Doppler's principle, — that is the experimental method
to which I am referring.
For us, the
question now is whether the method which includes man in the
whole cosmic system will give us any criterion — I
express myself with caution — any criterion to tell
whether a movement may perhaps only be apparent or whether we
must conclude that it is real. Is there anything to indicate
that a given movement must be a real one? I have already
spoken of this. We must distinguish between movements that
may quite well be merely relative and on the other hand such
movements as the “rotating, shearing and deforming
movements” (so we described them), the very character
of which will indicate that they cannot be taken in a merely
relative sense. We must look for a criterion of true
movement. We shall gain it in no other way than by envisaging
the inner conditions of what is moving. We cannot possibly
confine ourselves to the mere outer relations of
position.
A trite
example I have often given is of two men whom I see side by
side at 9 am and again at 3 in the afternoon. The only
difference is, one of them stayed there while the other went
on an errand lasting six hours. I was away in the meantime
and did not see what happened. At 3 pm I see them side by
side again. Merely observing where they are outwardly in
space, will never tell me the true fact. Only by seeing that
one is more tired than the other — taking account of an
inner condition therefore — shall I be able to tell,
which of them has been moving. This is the point. If we would
characterize any movement as an inherent and not a merely
relative movement, we must perceive what the thing moved has
undergone in some more inward sense.
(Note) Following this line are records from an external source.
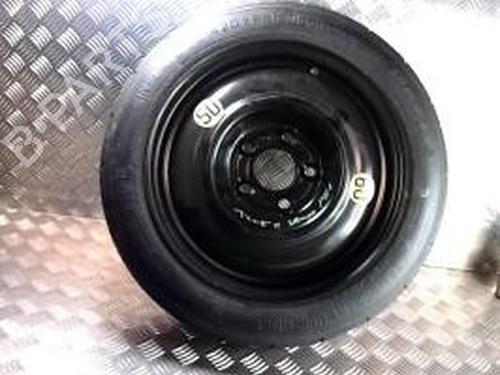 Used Rim KIA VENGA (YN) 1.6 CRDi 115 (116 hp) 30981955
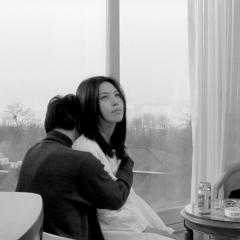 处女心经 - 2mZQlQrI1zCzttp1iK40dR9Qyup.jpg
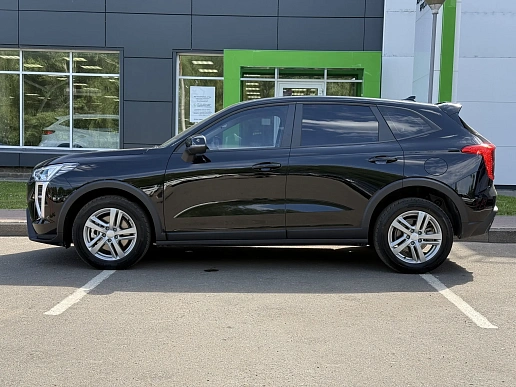 Купить Хавал Haval Jolion 2025г.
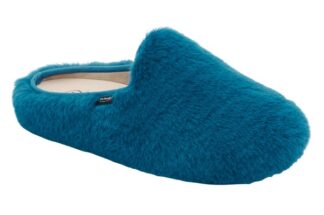 SCARPA MADDY N. 36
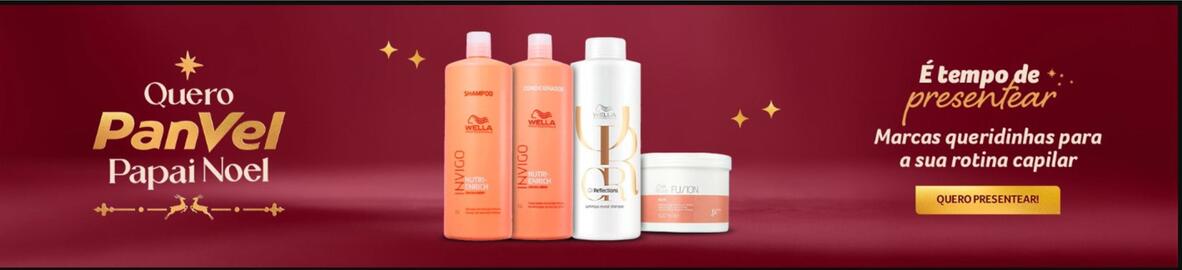 Catálogo Panvel Farmácia semana 51 Página 8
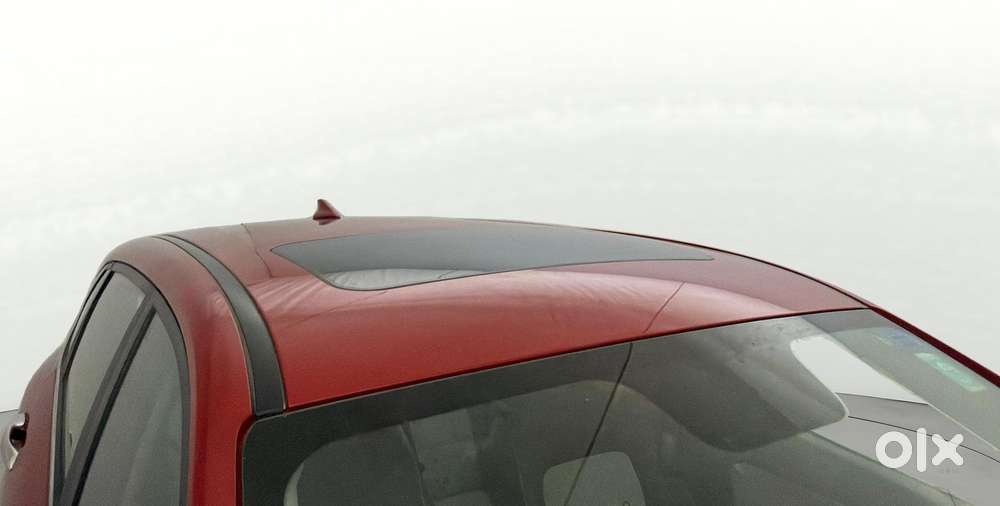 Hyundai New I20 1.2 Asta (o) Mt, 2023, Petrol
For this, a further
factor will be needed, of which tomorrow. Today we will at
least approach the problem.
We must in
fact get hold of it from quite another angle. If we in our
time study the form and formation of the human body and look
for some connection with what is there in cosmic space, the
most we can do to begin with is in some outward sense to see
that the connection is there. Man is today very largely
independent of the movements of cosmic space; everything
points to the fact that this is so. For all that comes to
expression in his immediate experience, man has emancipated
himself from the phenomena of the Universe. We therefore have
to look back into the time when what he underwent depended
less upon his conscious life of soul than in his ordinary, by
which I mean, post-natal life on Earth. We must look back
into the time when he was an embryo. In the embryo the
forming and development of man does indeed take place in
harmony with cosmic forces. What afterwards remains is only
what is carried forward, so to speak. Implanted in the whole
human organization during the embryonal life it then
persists. We cannot say it is "inherited" in the customary
sense, for in fact nothing is inherited, but we must think of
some such process, where entities derived from an earlier
period of development stay on.
We must now
look for an answer to the question: Is there still anything
in the ordinary life we lead after our birth — after
full consciousness has been attained — is there still
any hint of our connection with the cosmic forces? Let us
consider the human alternation of waking and sleeping. Even
the civilized man of today still has to let this alternation
happen. In its main periodicity, if he would stay in good
health, it still has to follow the natural alternation of day
and night. Yet as you know very well, man of today does lift
if out of its natural course. In city life we no longer make
it coincide with Nature. Only the country folk do so still.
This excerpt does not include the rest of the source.